Burns seems dumbfounded and smacks himself in the forehead in vain!
JP: What about Homeless Harold? Shouldn't you be focused in on him?
Burns: Ah yes, my old friend Harold.
JP: Apparently he is not really homeless.
Burns: Oh I knew that.
JP: Really? But he stayed at your house for several days that one time.
Burns: But he asked if he could crash there.
JP: Whats your point dude?
Burns: He asked by text message.
JP is taken about by this recent revelation.
JP:Oh... That is a pretty good indicator. You don't see a lot of Homeless people with cell phones.
Burns: That is true. But there are other things. Like the fact that he is my friend on Facebook.
JP: Harold has a Facebook?
Burns: Well I said he does so it has to be at least a little true.
JP: Ha. Well I guess thats another strike. Computers have a dirty little habit of needing electricity. The kind you would find in a home. And if you have a “home” then “Homeless” is definitely not a suitable prefix to Harold.
Burns: Exactly. And there there were all his status updates on Facebook.
JP: Oh?
Burns: “Homeless Harold is chillaxin' at the house.” “ Homeless Harold is veggin' on the couch.” “ Homeless Harold is showing potential buyers his awesome house.”
JP is just flabbergasted by the blatant lies of his friend Harold.
JP: just... wow. I let him have half of my sandwiches all the time thinking he doesn't have any food. I kinda feel like my trust has been betrayed.
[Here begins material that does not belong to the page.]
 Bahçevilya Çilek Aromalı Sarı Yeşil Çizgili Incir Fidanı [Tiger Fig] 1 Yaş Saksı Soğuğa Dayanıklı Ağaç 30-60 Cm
Burns: So do I. It just isn't right. Its a damn shame that we have people lying to us in our own group, our leader disappearing after a beat down, and Age of the Revolution trying to lure everyone away from the group. We don't need this on top of all that.
JP: I really do agree. Does this make you leader of Resistance?
Burns looks a little annoyed by the suggestion. His feelings on the matter have not been good in the last few weeks.
Burns: What Resistance? I don't see one. AotR has done exactly what they wanted when they wanted. We haven't even put a dent in it. Honestly man, other than Me, Spike, and Harold I don't know who else is even in Resistance. I just don't care anymore. Its not about messages anymore anyway. The point of all this has been lost for a long time now. There are going to b some major changes for us in the coming days and it will be for the better.
Now boarding flight 1138 to Calgary.
Thats us, big man.
They stand up and gather their bags. They will be in Calgary. in just a few hours. Burns has perhaps too much on his mind. can he re-focus and wrap his mind around his match or will the offers to join AotR keep him up tonight like it has been? Who can Philip Burns trust?